已解决！！！mamba2替换mamba，速度提升2到8倍

mamba已经发布有一段时间了，打着击败transformer的口号，确实引起了一大波关注，核心架构的改进也给研究者提供了新的水论文的思路

在这里插入图片描述

mamba2已经发布，号称比第一代mamba要提速2到8倍，实际上手时却挺打击信心的，发现mamba2的速度还不如mamba。

于是去GitHub仓库中的Issues提问，看了作者Tri Dao的回复，

“Mamba2 is written mostly in Triton, so there’s a lot of CPU overhead if the layer is so small. Two ways to get around that: (1) CUDA graph (or torch compile) (2) use a large model.”
“Try warming up by running it once first. The first time will invoke the triton compiler & autotune so it’ll be slow.”

恍然大悟，于是改了如下代码：

import time
import torch
from mamba_ssm import Mamba2
from mamba_ssm import Mamba
from debug import print_model_parameters

repeat_num = 1000
batch, length, dim = 2, 256*256*2, 256
x = torch.randn(batch, length, dim).to("cuda")
model = Mamba(
    # This module uses roughly 3 * expand * d_model^2 parameters
    d_model=dim, # Model dimension d_model
    d_state=64,  # SSM state expansion factor
    d_conv=4,    # Local convolution width
    expand=2,    # Block expansion factor
).to("cuda")
print_model_parameters(model, output_to_csv=True, file_path='./model.csv')
y = model(x) # warm up first
t1 = time.time()
for i in range(repeat_num):
    y = model(x)
assert y.shape == x.shape
print(f"Time of mamba taken: {time.time() - t1:.3f} s")

model = Mamba2(
    # This module uses roughly 3 * expand * d_model^2 parameters
    d_model=dim, # Model dimension d_model
    d_state=64,  # SSM state expansion factor, typically 64 or 128
    d_conv=4,    # Local convolution width
    expand=2,    # Block expansion factor
).to("cuda")
print_model_parameters(model, output_to_csv=True, file_path='./model.csv')
y = model(x) # warm up first
t1 = time.time()
for i in range(repeat_num):
    y = model(x)
assert y.shape == x.shape
print(f"Time of mamba2 taken: {time.time() - t1:.3f} s")
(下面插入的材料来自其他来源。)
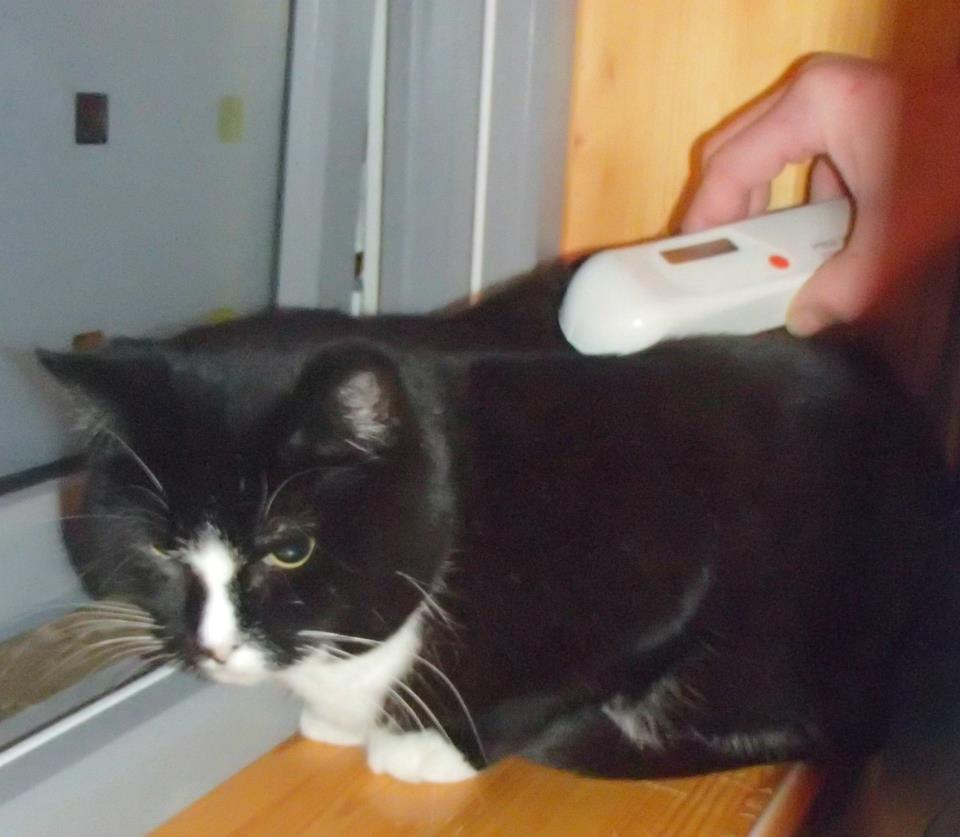 Vi trykker på den røde knappen og fører leseren over katten, hvis katten har ID chip vil landkode og id nummer bli vist på displayet. Vi kan deretter slå opp på http://www.dyreidentitet.no/sok.html for å finne eier/ansvarlig. PS. Testkatt er Oda fra Kattens Vern.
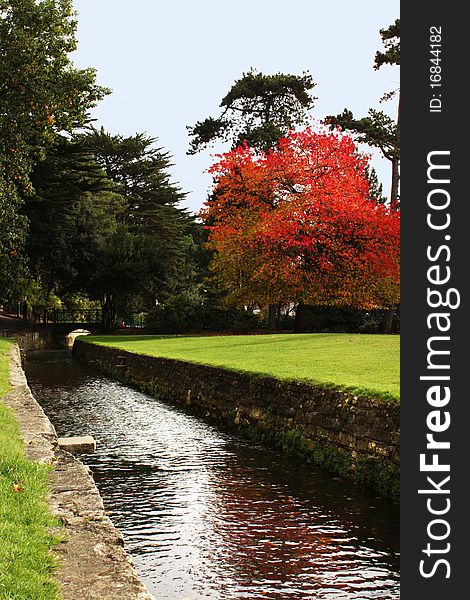 Beautiful bright red autumn tree by the river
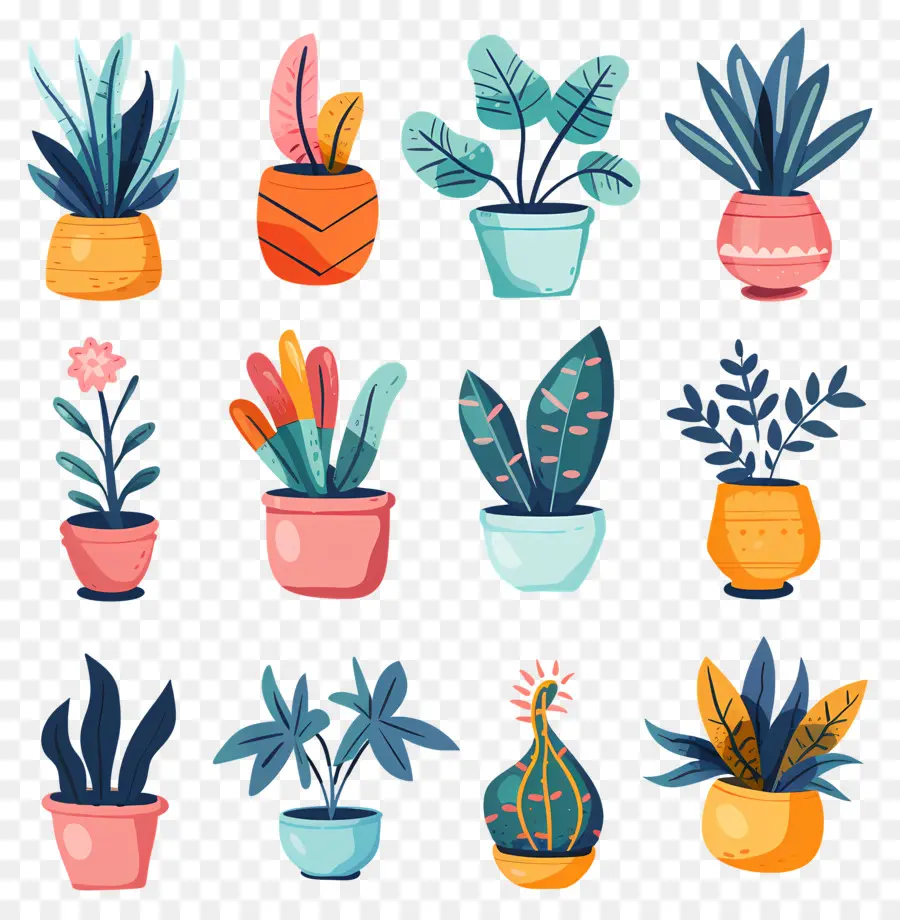 Plantas，Suculentas Verdes PNG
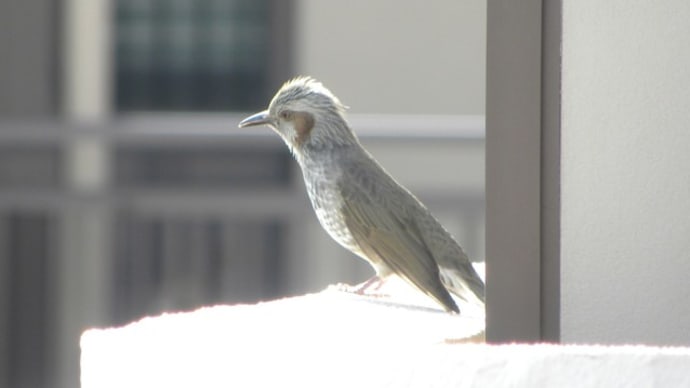 マンションベランダに野鳥が来る理由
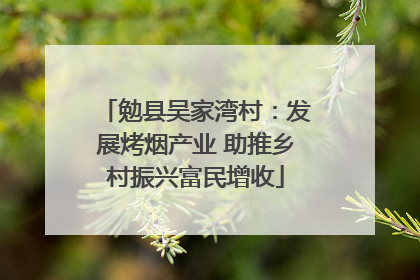 勉县吴家湾村：发展烤烟产业 助推乡村振兴富民增收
代码中增加了序列长度，因为mamba2在处理更长的序列时提升更大

同时增加了warm up的操作，即第一次先预热，不算在消耗时间内

Model's Parameters and Sizes:
Total parameters: 511488
Trainable parameters: 511488
Non-trainable parameters: 0
Time of mamba taken: 24.061 s
Model's Parameters and Sizes:
Total parameters: 431768
Trainable parameters: 431768
Non-trainable parameters: 0
Time of mamba2 taken: 14.011 s